A lawyer for FTX said at the hearing that the company continues to be subject to cyber-attacks as bankruptcy begins, and that “substantial” assets are missing.
FTX has asked Judge John Dorsey to approve the first steps in its bankruptcy, including paying employees and critical suppliers, which will allow the company to continue operating through Chapter 11 bankruptcy proceedings.
FTX, led since filing for bankruptcy by new CEO John Ray, has accused Bankman-Fried of collaborating with Bahamian regulators to ‘undermine’ the US bankruptcy case
The company had also asked Dorsey to take over a separate Chapter 15 lawsuit filed last week in New York on behalf of FTX’s Bahamas unit by liquidators appointed by a court in the Bahamas. Such procedures are used by foreign companies to seek U.S. courts’ cooperation in cross-border bankruptcy cases.
Lawyers representing the Bahamian liquidators, who have previously questioned the validity of the US Chapter 11 proceeding and clashed with the team that determines which case should take precedence, agreed to that demand ahead of Tuesday’s hearing.

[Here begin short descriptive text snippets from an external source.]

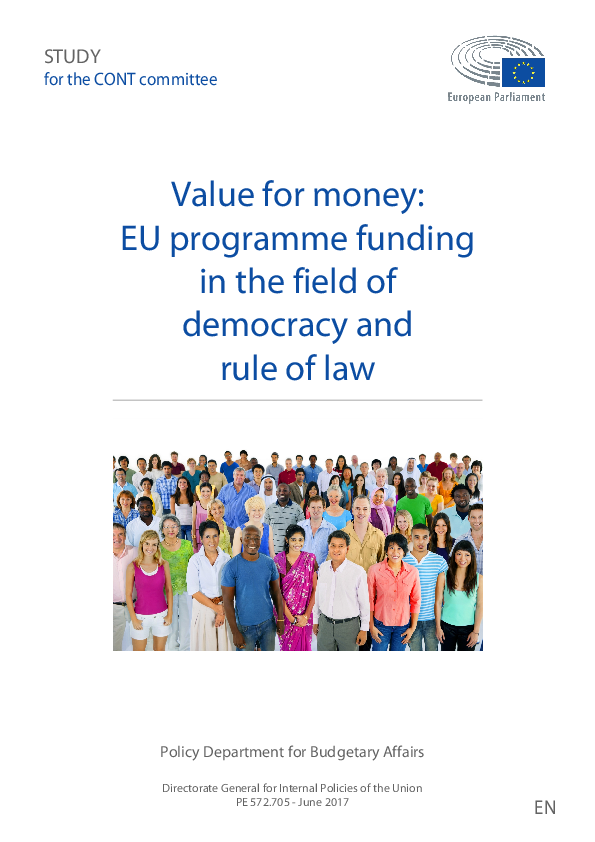(PDF) Value for Money: EU Programme Funding in the Field of Democracy ...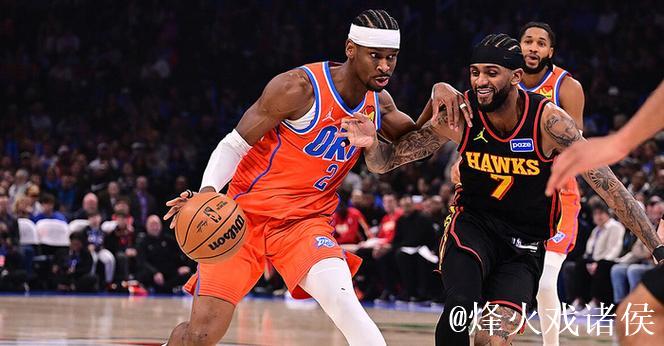 亚历山大39+6沃克30+5 雷霆力克老鹰致其7连败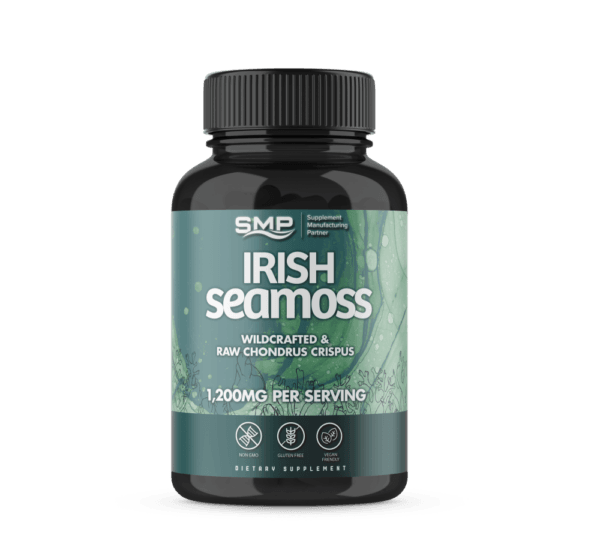 Irish Sea Moss Extract Capsules 600mg ea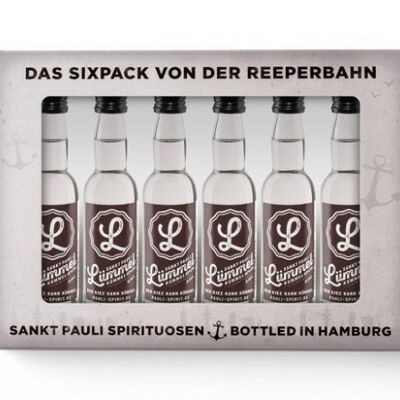 LÜMMEL Kümmel Lütten Sixpack dans un coffret cadeau 6x 4cl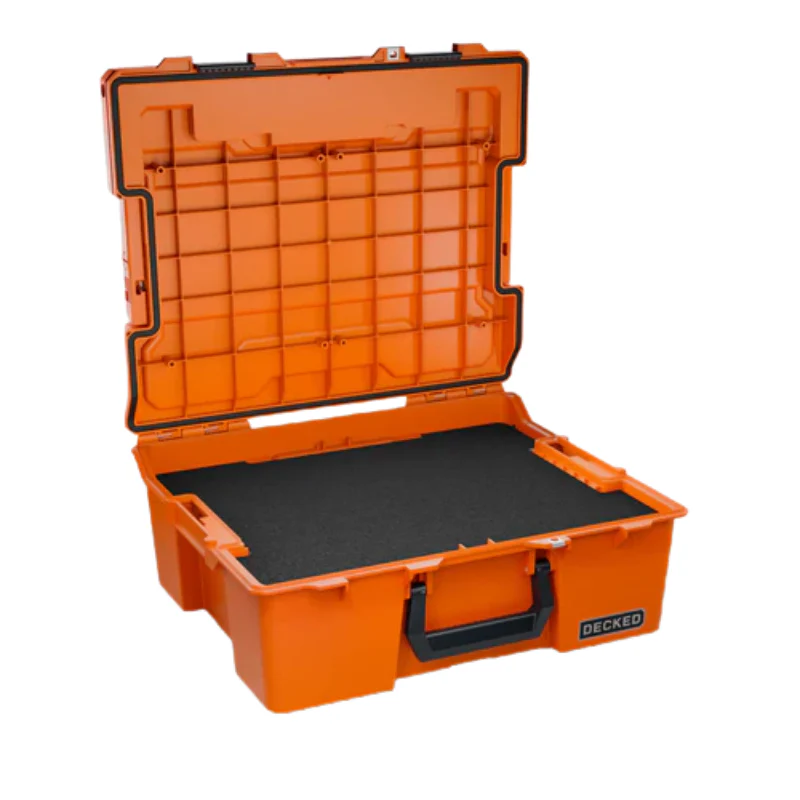 DECKED Halfrack 32 - D-co Case - Blaze Orange with black latches Model A0020-HRAK-ORG - Image 3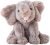 Hopearl Adorable Plush Calf Elephant Toy Floppy Elephish Ultra Soft Stuffed Animal for Boys Girls Kids Toddlers, Gray, 9”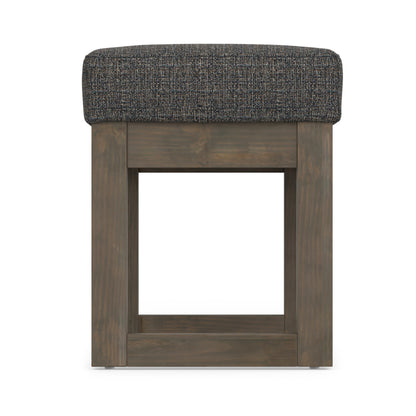 Ebony Tweed Style Fabric |Milltown Footstool Small Ottoman Bench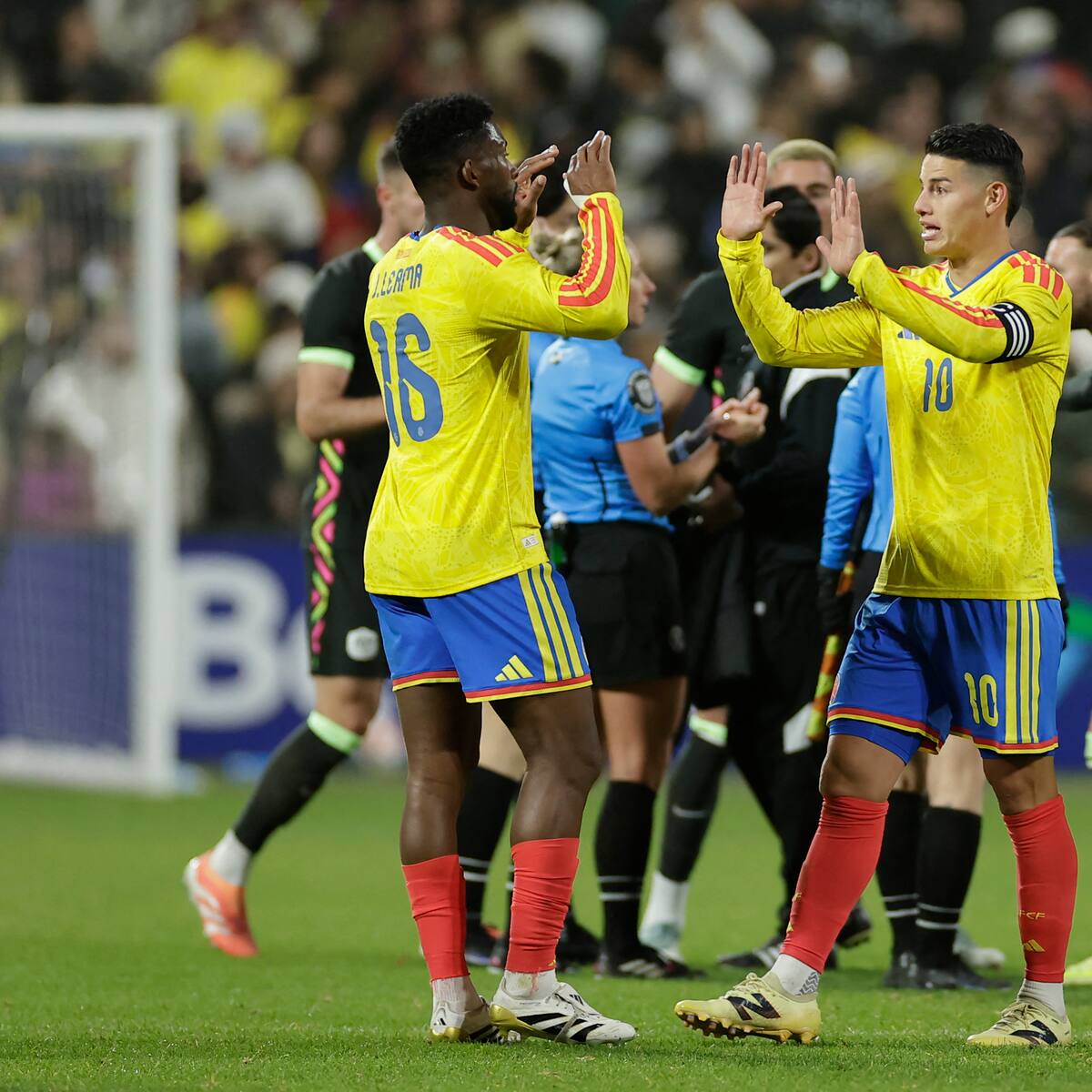 Video: Jefferson Lerma anotó el tanto final en la goleada 3-0 de Colombia sobre Australia
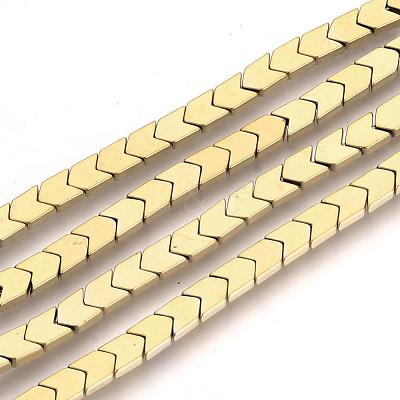 Electroplate Non-magnetic Synthetic Hematite Beads Strands G-Q486-69F-1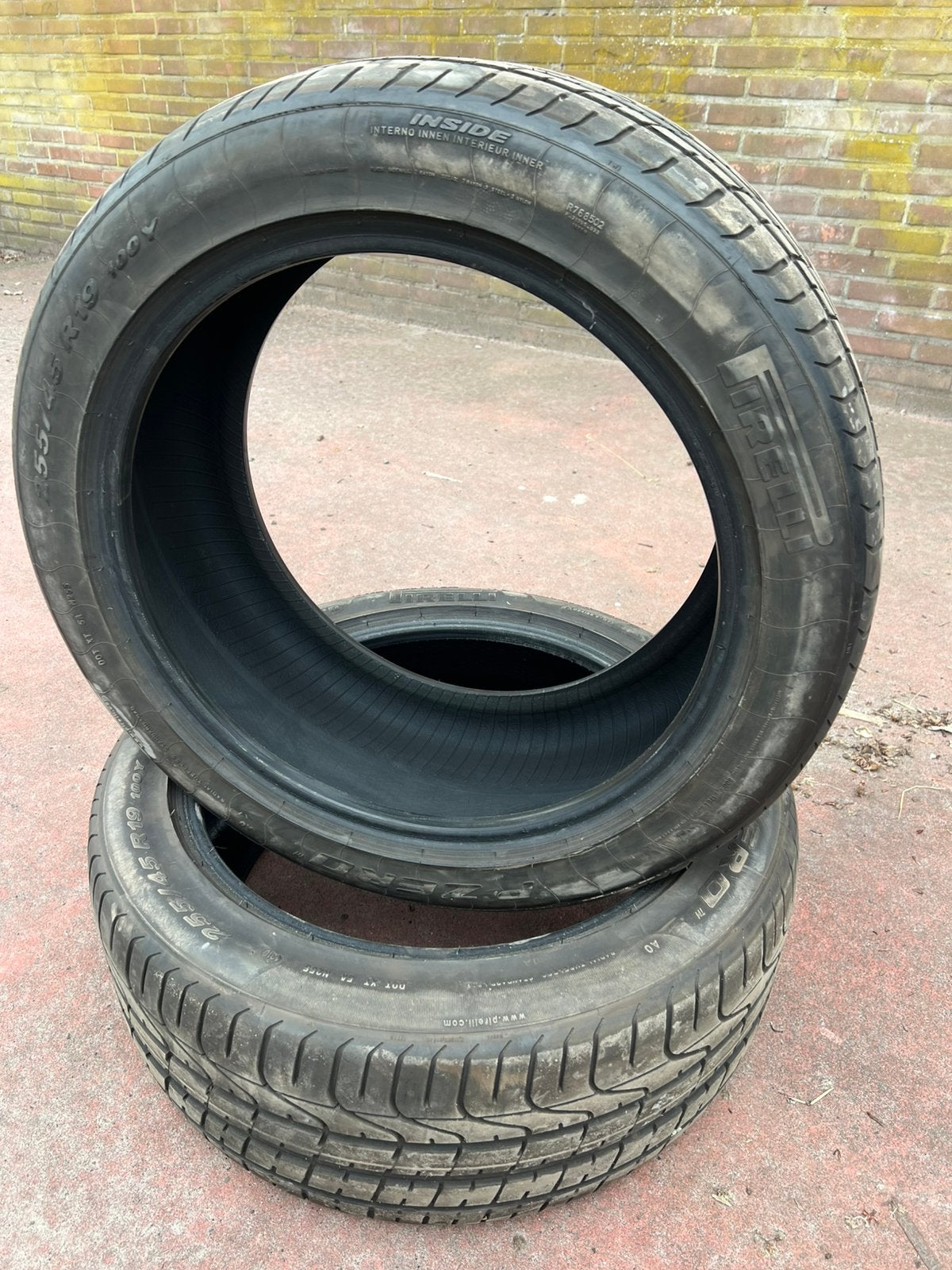 Banden 255 45 19 pirelli P zero.  Gebruikt !, Ophalen, Band(en)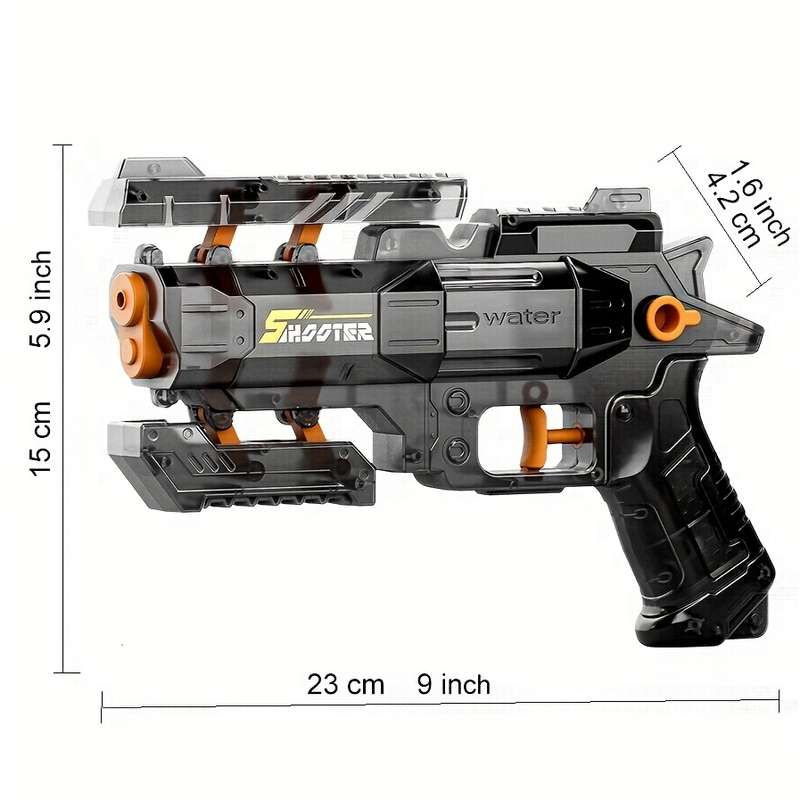 Toy Guns Color Transparent Black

FTX, led since its bankruptcy filing by new CEO John Ray, has accused Bankman-Fried of collaborating with Bahamian regulators to “undermine” the US bankruptcy case and move assets abroad.
Bankman-Fried, FTX and the Bahamas liquidators did not immediately respond to requests for comment.
FTX is also seeking to indemnify unidentified individuals for actions they have taken and continue to take in connection with assets that represent a significant portion of the company’s estate, according to a filing filed Tuesday.
Sealed indemnification requests are uncommon at the beginning of a bankruptcy case. FTX said it communicated with US regulators and bankruptcy court officials, but did not name Bahamas regulators.
The company said keeping the details of its indemnification request confidential for now could help prevent “cyber attacks and other malicious activities.”